How to complete this task ::
Here is the task for the listing below: output exactly the lines from the one containing "Schneeflocke im Blau Kühlschrankmagnet" through the one containing "3'lü Set 80-100cm", and leave out the pictures.

--- Data to process ---

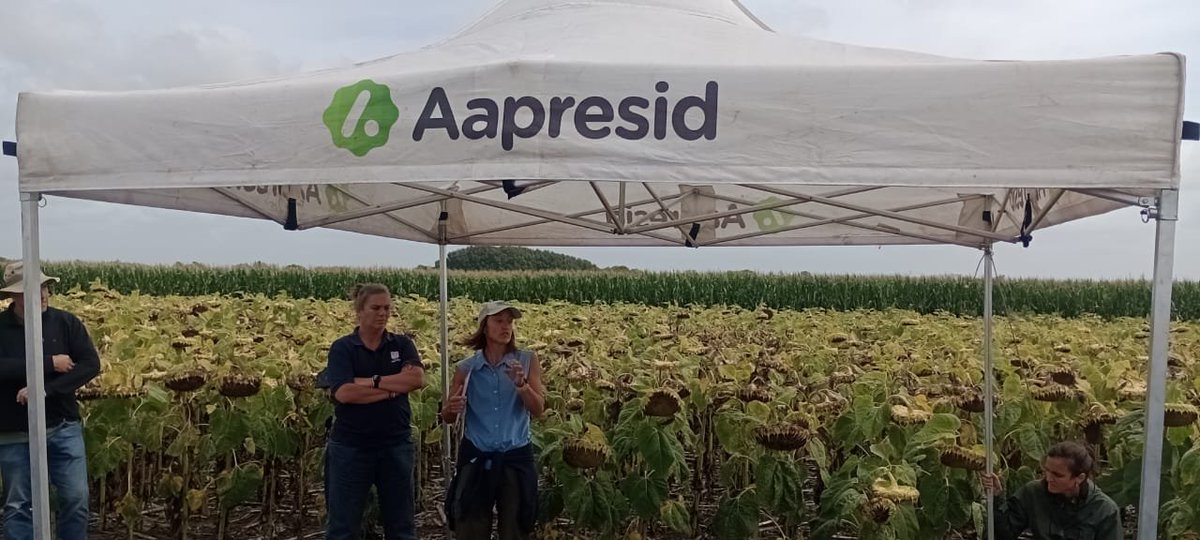 Reunión Regional Tandilia Aapresid. Red de Girasol Aapresid. Perfil sanitario de los híbridos, a cargo de Carolina Troglia y Marina Montoya.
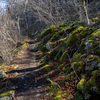 Shenandoah National Park最高峰、Mt. Hawksbillに登る。（後編）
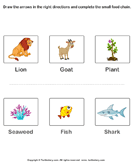 Complete the Food Chain - Fill in Arrows - food-chain - First Grade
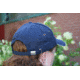 Porta-Brace CAPB Baseball Cap with Blue Top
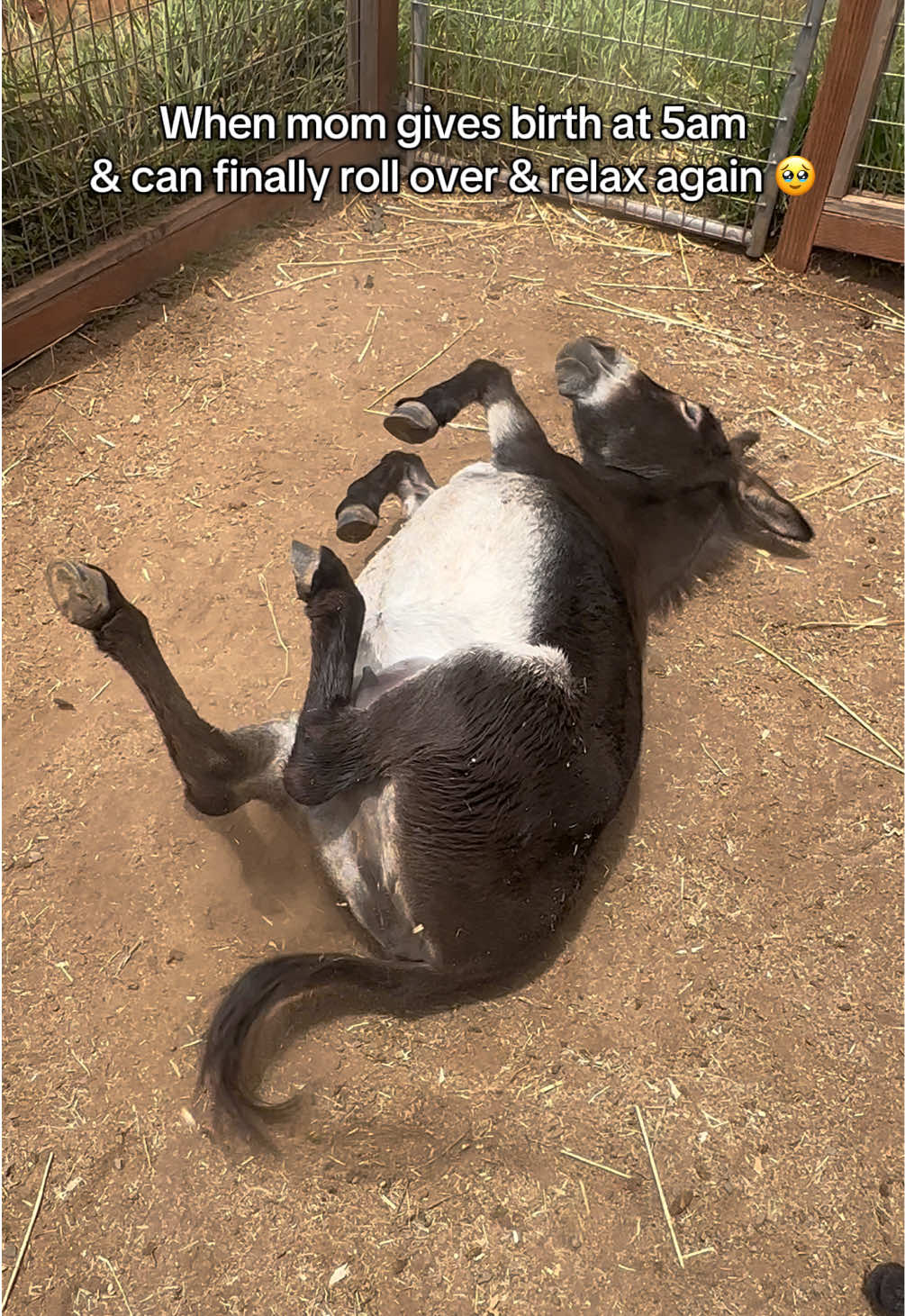 Enjoy yourself mama you did great! 💕 #minidonkey #babydonkey #donkeysoftiktok #farmlife #creatorsearchinsights 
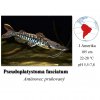 Anténovec pruhovaný / Pseudoplatystoma fasciatum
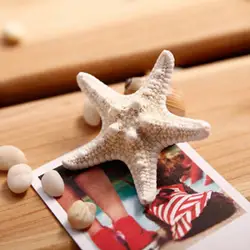 2pcs Womens Starfish Hair Clip Girls Elegant Beauty Natural Sea Star Hairpin Fashion Hot Jewelry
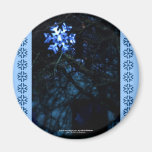 Schneeflocke im Blau Kühlschrankmagnet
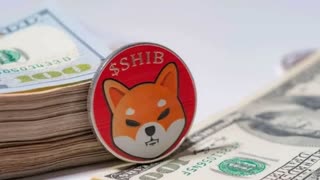 LEAKED: SOMETHING CRAZY IS ABOUT TO HAPPEN TO SHIBA INU!! - SHIB NEWS
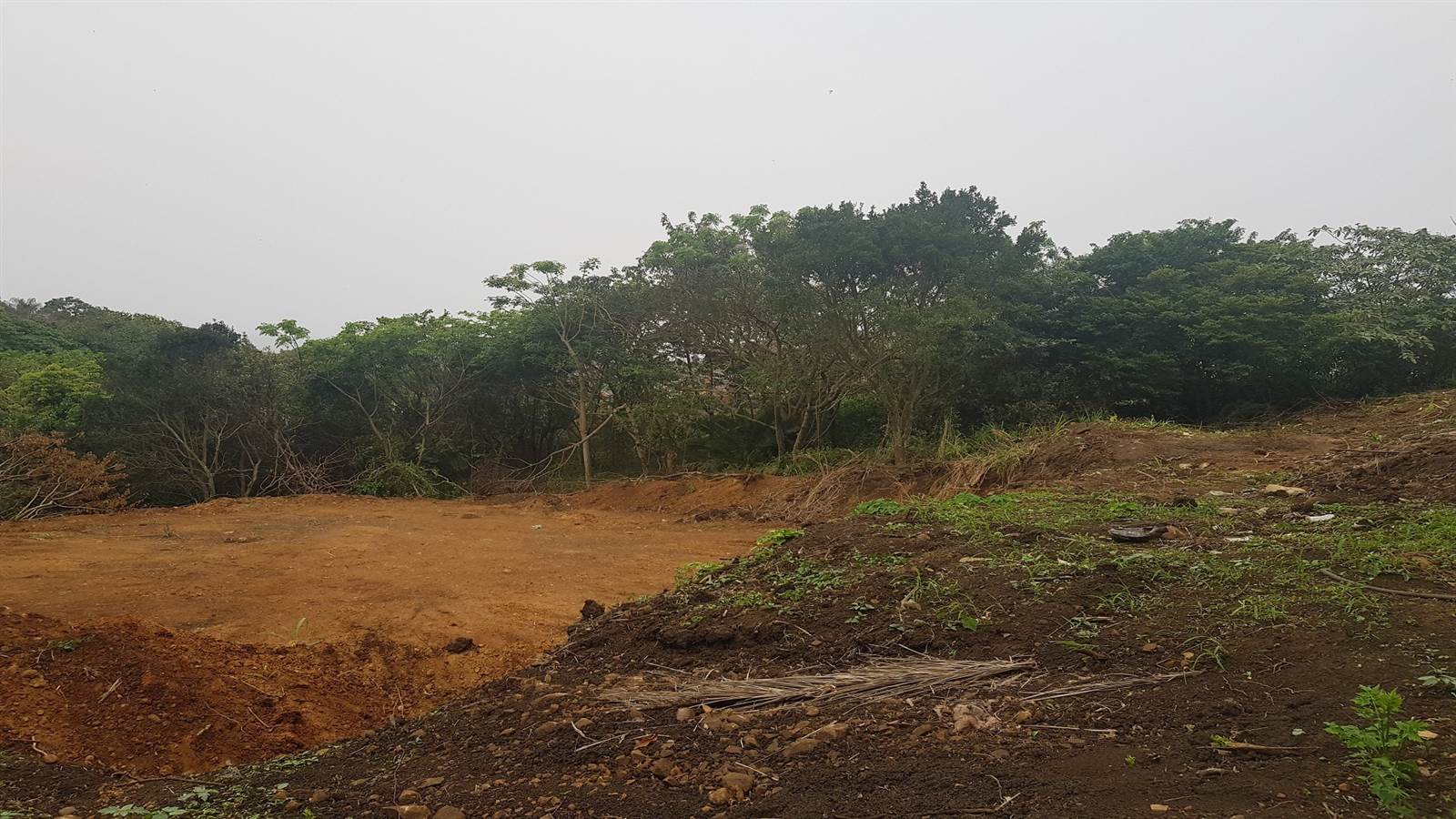 1359 m² Land available in Saiccor photo number 9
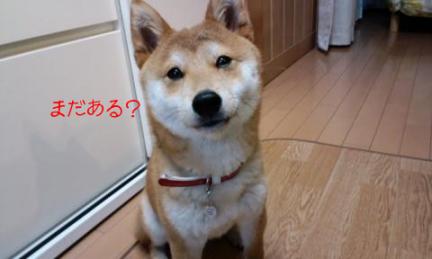おかわり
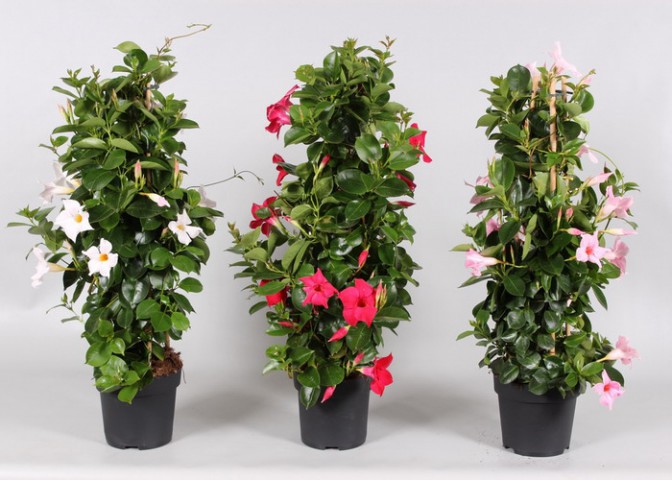 Mandevilla Sarmaşığı  3'lü Set 80-100cm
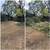 landscaping ,demolition,backyard general clean-up, haulin services,tree trimming 6 thumbnail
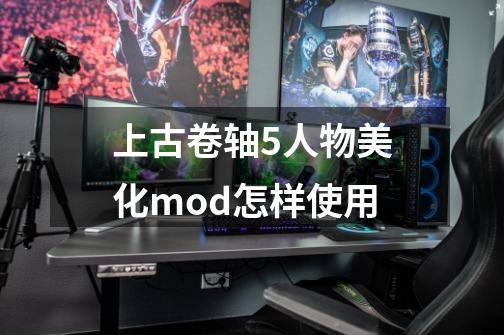 上古卷轴5人物美化mod怎样使用-第1张-游戏信息-龙启网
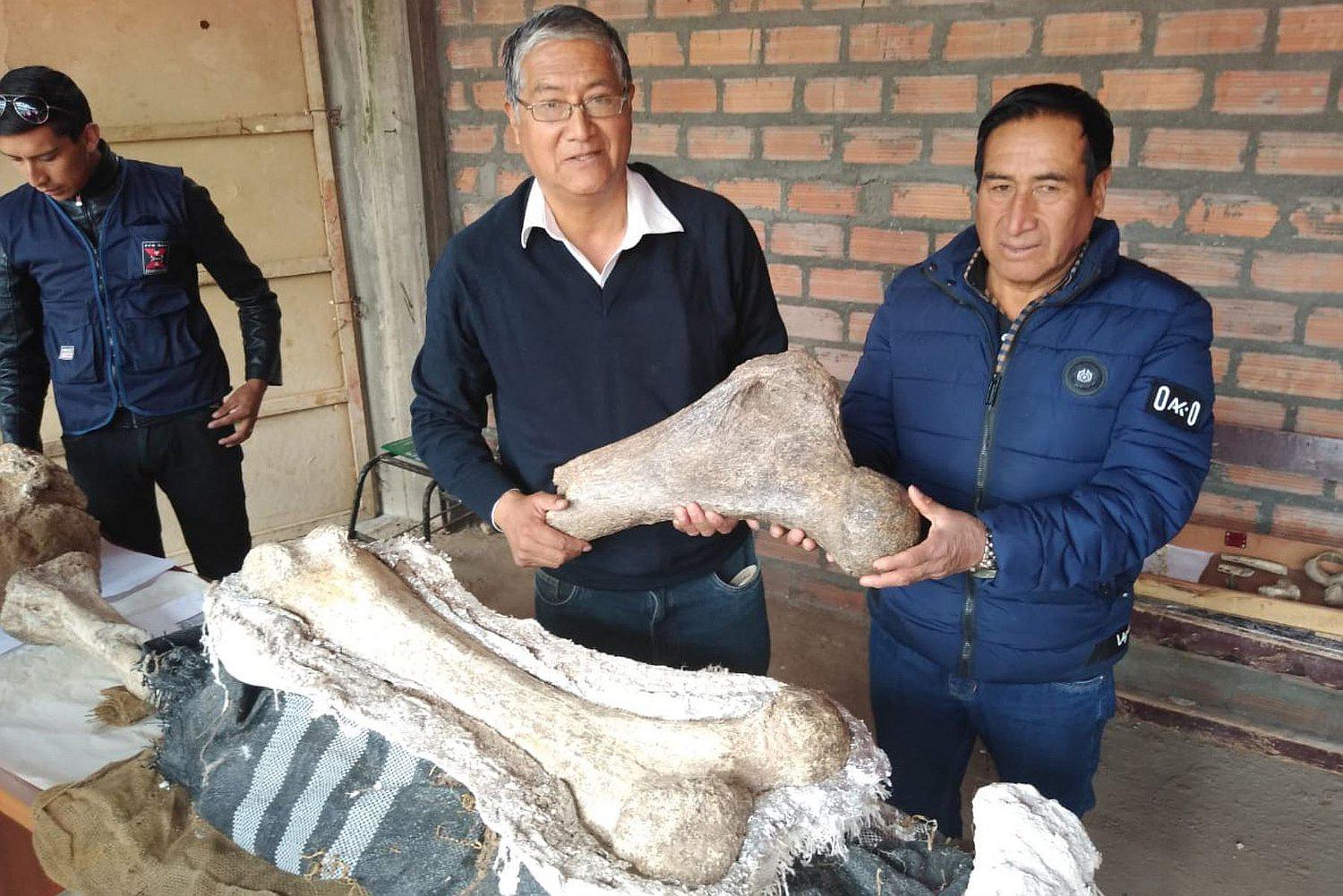 Junin: Encuentran restos fósiles que corresponderían a elefantes prehistóricos (FOTOS)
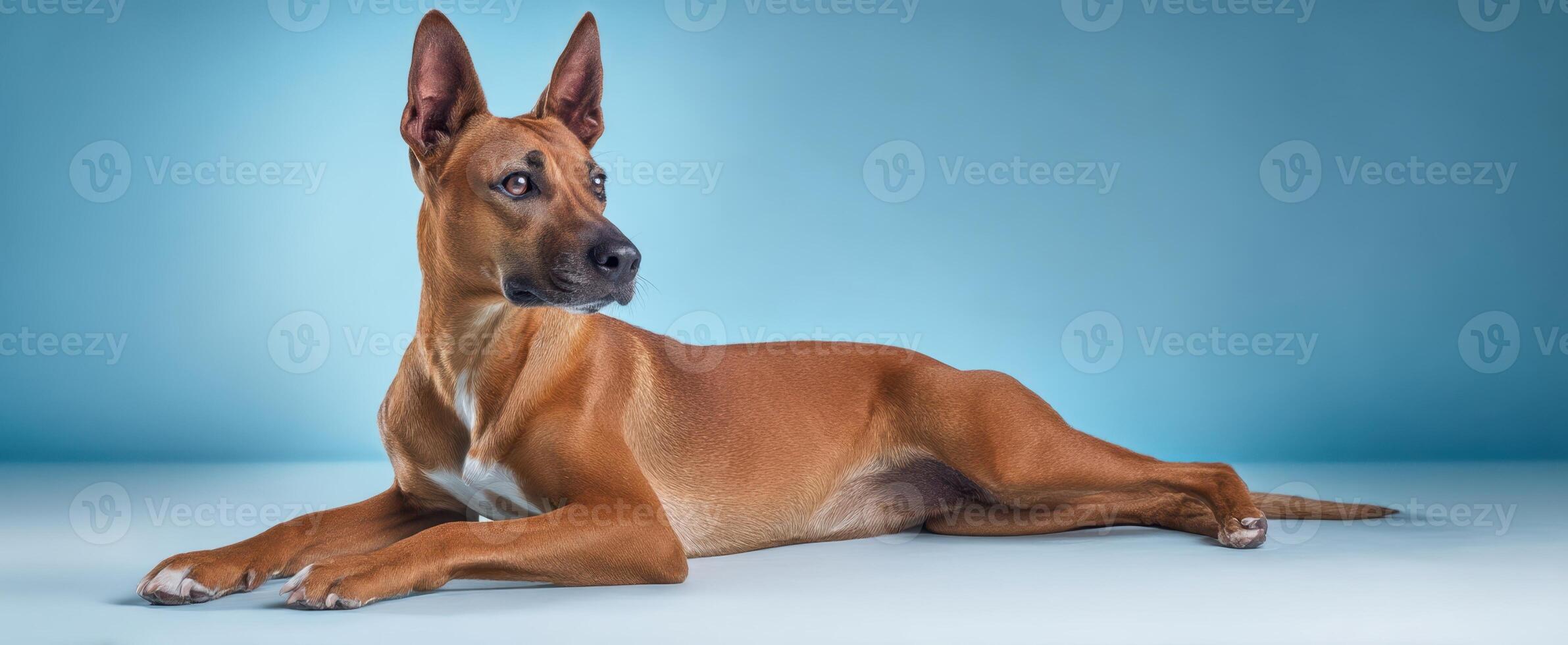 The elegant dog resting confidently against a blue background. photo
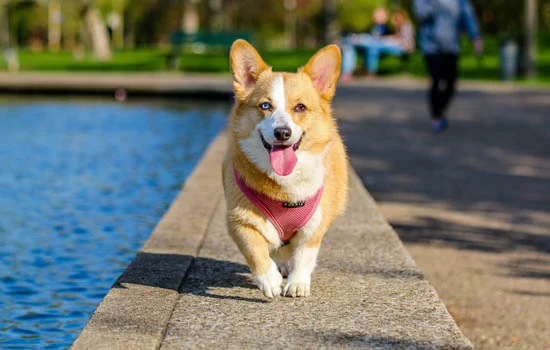 狗狗夏天特別能睡正常嗎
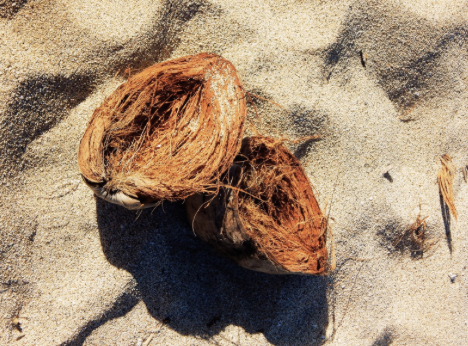 Two coconuts on sandy beach.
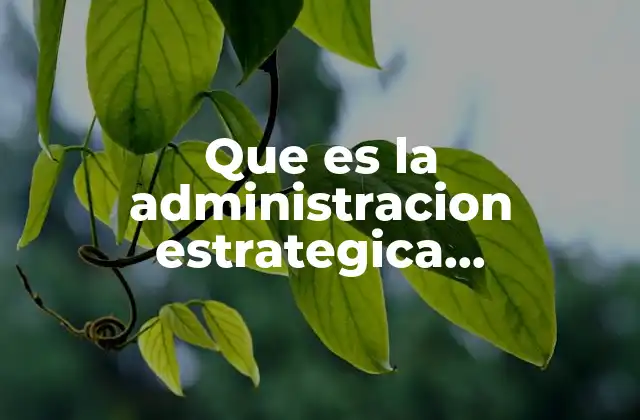 Que es la Administracion Estrategica Internacional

---

Answer to this problem ::
 Schneeflocke im Blau Kühlschrankmagnet
 LEAKED: SOMETHING CRAZY IS ABOUT TO HAPPEN TO SHIBA INU!! - SHIB NEWS
 1359 m² Land available in Saiccor photo number 9
おかわり
 Mandevilla Sarmaşığı  3'lü Set 80-100cm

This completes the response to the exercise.